Rainforest springs up at St. Mary’s School in Bryantown
20th annual event raises funds for environment
A rainforest has sprung up at St. Mary’s School in Bryantown, thanks to work from third grade students, parents, teachers and families.
The 20th annual Third Grade Rainforest is a school tradition, getting more elaborate each year. Vines and branches decorate the inside and outside of the school, and models of animals from the world’s rainforests, made by third graders, inhabit the halls of the school.
On Tuesday, third grade students gave groups of families and community members guided tours of the rainforest, explaining the various animals and plants and their importance to the world ecosystem and human health.
“Many of these plants and animals can only survive in the rainforest. If their homes are destroyed, they will go extinct,” said Ava Wehrs, 8, one of the third grade tour guides.
The idea of turning the school into a rainforest began almost 20 years ago as a science project in Peggy Garner’s third grade class to help students learn more about the importance of the world’s rainforests, said her husband, Daniel Garner.
Daniel said he became involved
in building an elaborate rainforest diorama, and the experience has grown ever since.
“At first we just did a couple bushes, some trees, and the kids would make animals, so it was very small,” he said. “But each year it just got bigger and bigger.”
A reception followed the tour, with dishes made by third grade families that incorporated ingredients from the rainforests.
The rainforest experience took almost a week to set up at the school, although students had been working for almost a month prior creating the animal models to inhabit the rainforest.
Daniel Garner said that each year, the parents of the third graders become involved in setting up the rainforest and in running the event and the reception following.
“We began [setting up] about a month ago, on a Saturday, and almost every third grade family provided a volunteer,” said Cindy Watson, parent of a third grader.
Garner said he takes a week off work to help set things up.
“But it really wouldn’t be possible without the help of all the parents,” he said.
Money raised from the event is donated to the nonprofit Rainforest Alliance to purchase land to protect the rainforests, Watson said.
Principal Sharon Caniglia said the annual rainforest event is a tremendous learning experience for the students.

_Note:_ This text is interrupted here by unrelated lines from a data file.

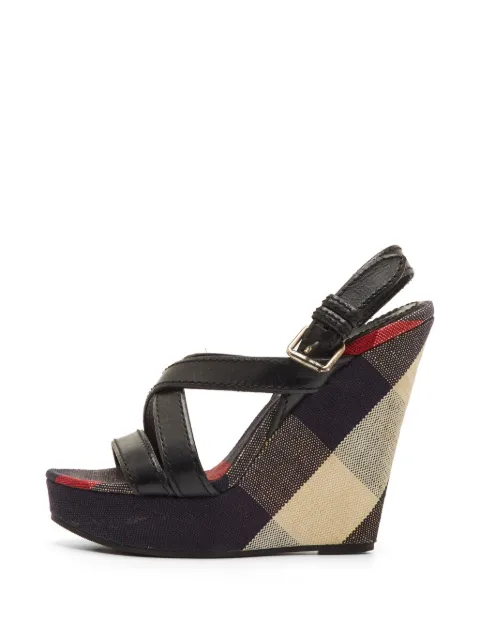 Burberry Pre-Owned Nova Check platform sandals Black 1252316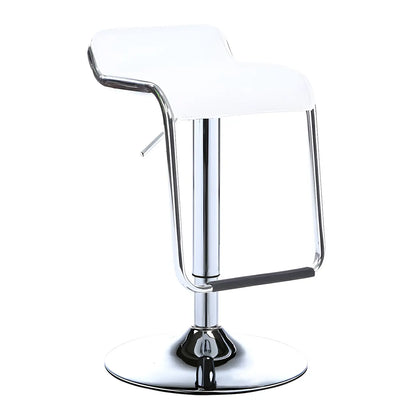Tabouret de bar pivotant moderne sur pied, hauteur réglable, dossier bas, revêtement en similicuir.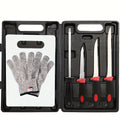 Atisen fishing knife set with dual-grit sharpener and safety sheath. Bulk camping and fishing supplies for Chile.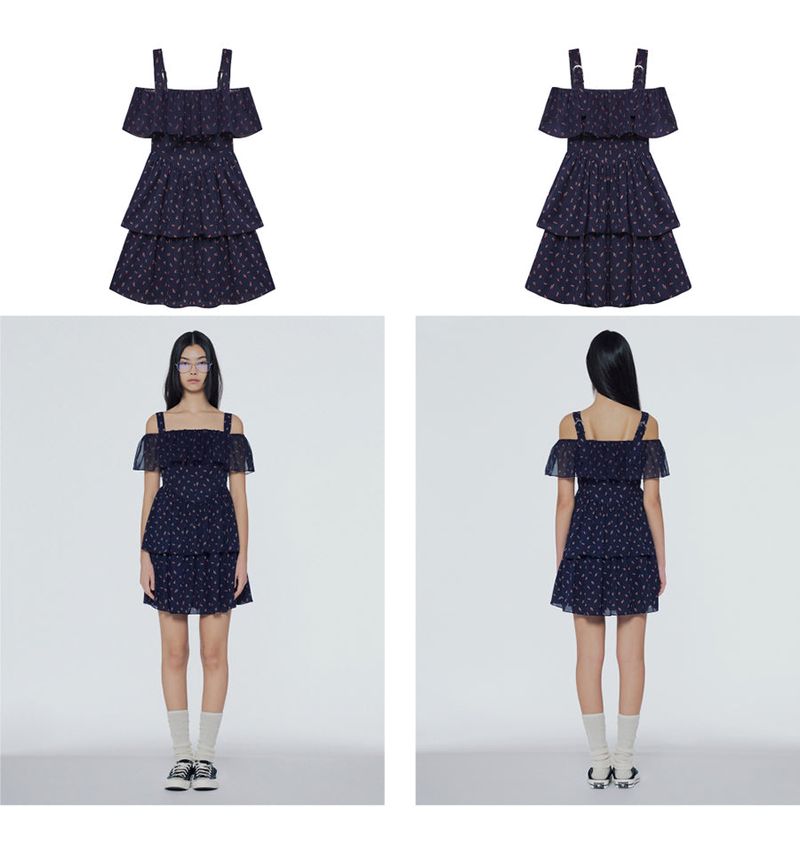 Off-the-shoulder tiered mini dress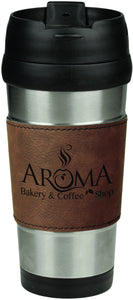 16 oz. Dark Brown Laserable Leatherette Stainless Steel Travel Mug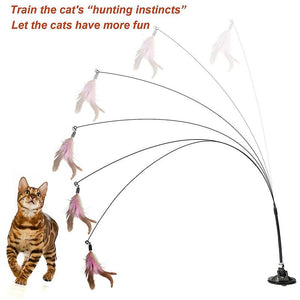 6x Interactive Cat Toys Stick with Suction Cup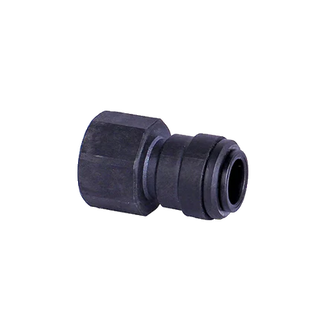 Black adaptor with a 1/2 inch BSP female nut at one end and a 12mm push-in collet at the other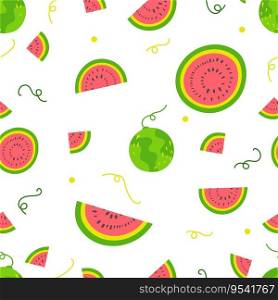 Vector seamless watermelon pattern with vines, seeds and slices on white background. Summer hand drawn textile print in cartoon style. Flat vector design, good for gift wrapping, fabric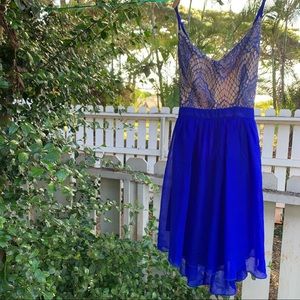 Poetry blue flowy open back dress 💙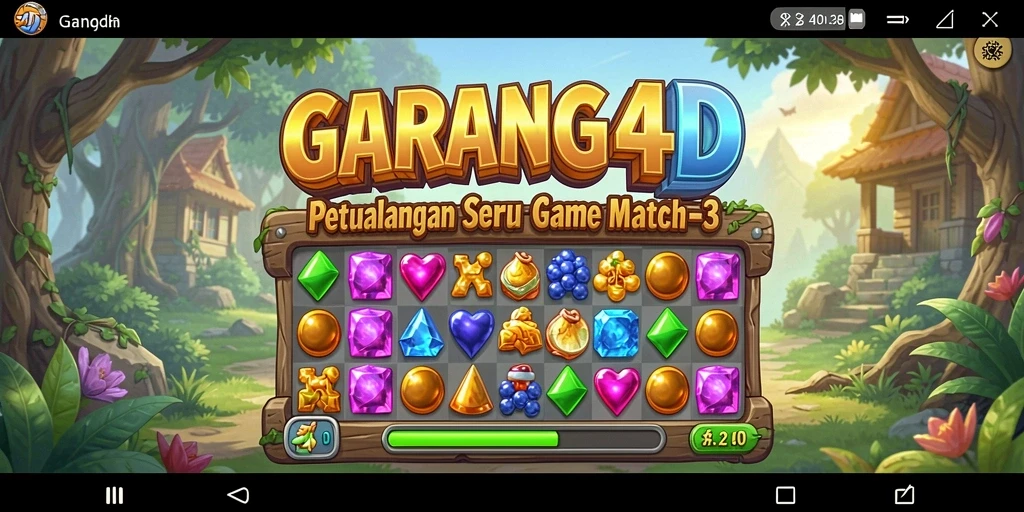 Tampilan screenshot GARANG4D menampilkan gameplay seru di level Match-3.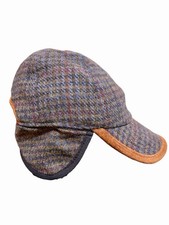 Stetson Gray Tweed Brown-Leather Deerstalker Hat M Detective Caps with Earflaps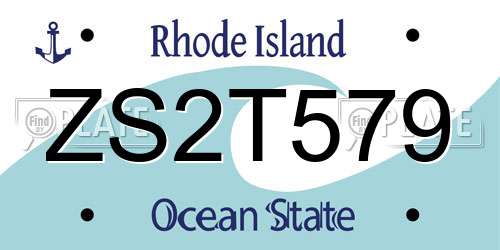 ZS2T579 Rhode Island License Plate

“The children learn about raising money and giving back to the community, they learn about the rainforest, they learn about public speaking. They have a lot of fun making their animals, and learning about their animals,” Caniglia said. “It’s a wonderful learning experience.
One of the tour guides, Gabriella Beal, 9, said she hadn’t known that rainforests make up only 6 percent of the world’s land surface. Rainforests once covered more than twice that, according to an article by National Geographic.
Carleigh Watson, 9, said that rainforests provide many of the medicines we use today.
“We found out a lot of stuff,” Ava added. “We found out a lot about the animals that live in the rainforest. I didn’t really know a lot about them, but now I do.”
Rainforest tour guides Gabriella Beal, Ava Wehrs and Carleigh Watson discuss wildlife of the rainforest canopy during St. Mary’s School of Bryantown’s 20th Annual Third Grade Rainforest tour Tuesday.
Third grade tour guides Gabriella Beal, Ava Wehrs and Carleigh Watson lead a tour of rainforest features and wildlife during St. Mary’s School of Bryantown’s 20th Annual Third Grade Rainforest tour Tuesday.